Lise: Oh, it’s that pyramid feeling again. The experience of being inside and in the center of the base of a pyramid.

David:  Again, no sound in here. Many artists create electronic sounds to go with this kind of work.

Lise: You don’t need it. You’ve got the hum of the projector and the haze machine. This blue light is very soothing.

David Haskins: There’s a dreamlike nature to it too. The show has a lot to do with life and death. Where We Meet has figures emerging from the void, going back to it. Time Mirror III has the sense of being present to the self, as you attend to it in the past, present and future. In Architecture of Light we’re dealing with something that’s ineffable. Near-death experiences reference light all the time. What is beyond this? Light is a force that our senses can grasp. It’s physical, and yet it’s not. It blinds and illuminates.

Lise: On a physiological level, too, light and water are absolutely essential to life.

[We leave the main museum building and go to the McCormick House designed by Mies van der Rohe to see Ascension / Descension, the fourth work in Polarity. The work fills the main room of the iconic glass house with mirrors on the floor and ceiling. It is the most viscerally disorienting of the four works.]

David: Here we have the polarity of sky and earth repeating. You’re seeing into all these different layers of the sky, and it’s very surreal. And it almost feels like if you could crawl down there and go through that window, you could walk up into another museum.

Lise: The number of dimensions seems to increase exponentially the longer I look into the mirrors.

David:  And if you look out the window, it doesn’t seem that we’re looking at the actual museum. What you’re looking at is so confusing.

Lise: It looks tripled, quadrupled.

David:  It’s like another world over there. And it doesn’t make any sense how that could happen. We know what mirrors do, but that’s another level of reflection. It’s taking the reflection down there, which we see clearly, and flipping it all the way up there. And if we could stand back further, it would happen again and again. That’s why we see the sky and the earth over and over and over, each repeating endlessly. If you look in the dirt down there, you can see us in that first layer of dirt. It almost looks like we’re looking at someone else down there. When do you get to look at yourself from on top of yourself back down on yourself in real time without any kind of technology? It’s like an out-of-body experience.

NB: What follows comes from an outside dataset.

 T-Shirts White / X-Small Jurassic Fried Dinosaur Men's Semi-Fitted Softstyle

Lise: And again, very dreamlike. Like in a dream when you’re flying, and can you look down and see yourself.

David:  My parents were just here yesterday, and they could barely walk on the mirrors. They were absolutely terrified. They did eventually, but it took them a long time to get the feel for it. Their brains are telling them, I’m going to die if I take another step. I’m going to fall to my death. Other people walk right out on it.

Lise: What are some of the features of the McCormick House that inspired Ascension / Descension?

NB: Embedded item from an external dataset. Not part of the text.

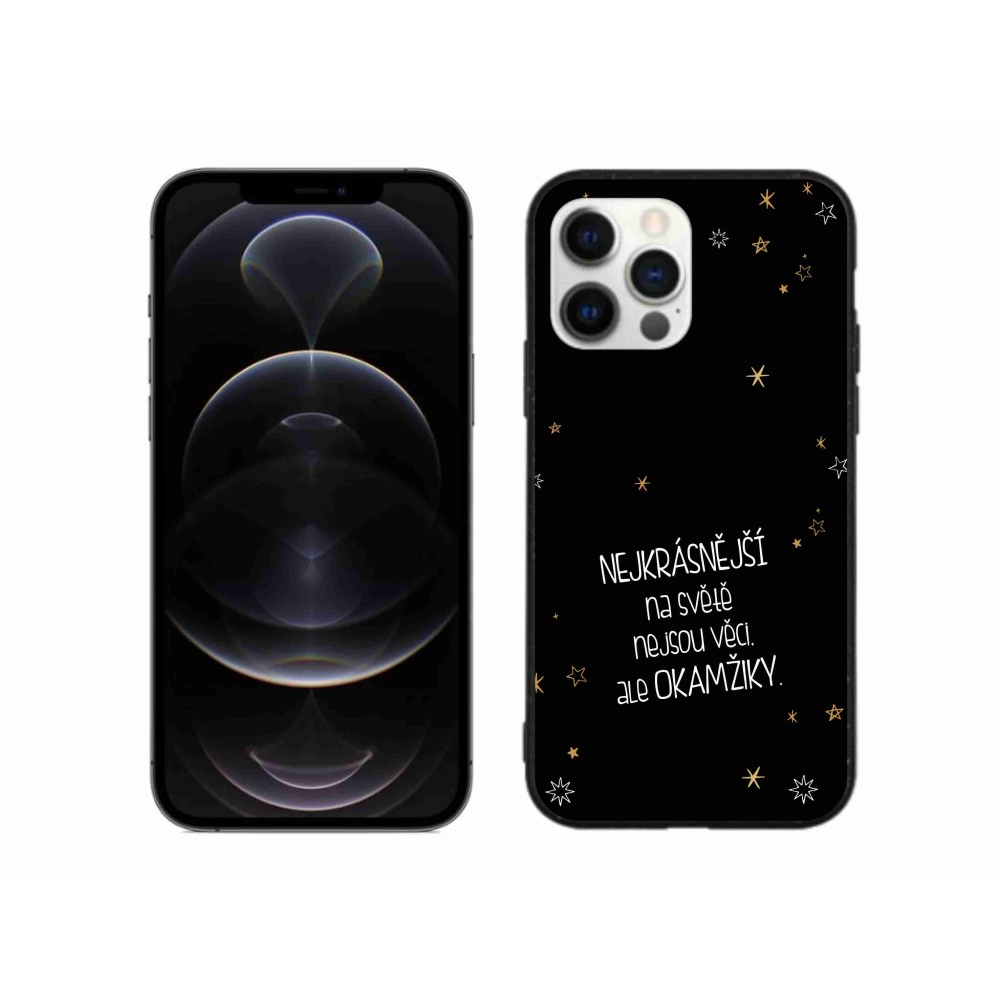 Gél borítás mmCase iPhone 12 Pro Max készülékhez - Idézet 4 fekete háttér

David:  Two things came to mind when I was asked to do an installation in the house. This is one of Mies’s most grounded structures. The ceiling is only eight feet high. Skycube was about the relationship between Mies and the sky. He brought us into the sky with the first skyscrapers made of glass. I thought it would be fitting to bring the sky down to him.

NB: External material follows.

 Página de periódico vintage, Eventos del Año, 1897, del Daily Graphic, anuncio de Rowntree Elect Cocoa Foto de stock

For this work, I want to continue to bring the sky into this space. With polarity as the theme of the show, here we have walls of sky, and walls of earth. Also, this house is based on the original steel and glass design of Mies’s first skyscraper, Promontory Apartments in Hyde Park. But Promontory Apartments isn’t like this because they couldn’t afford to build that design. Since he never got to do that design as a skyscraper, I thought wouldn’t it be nice to bring the skyscraper to the house.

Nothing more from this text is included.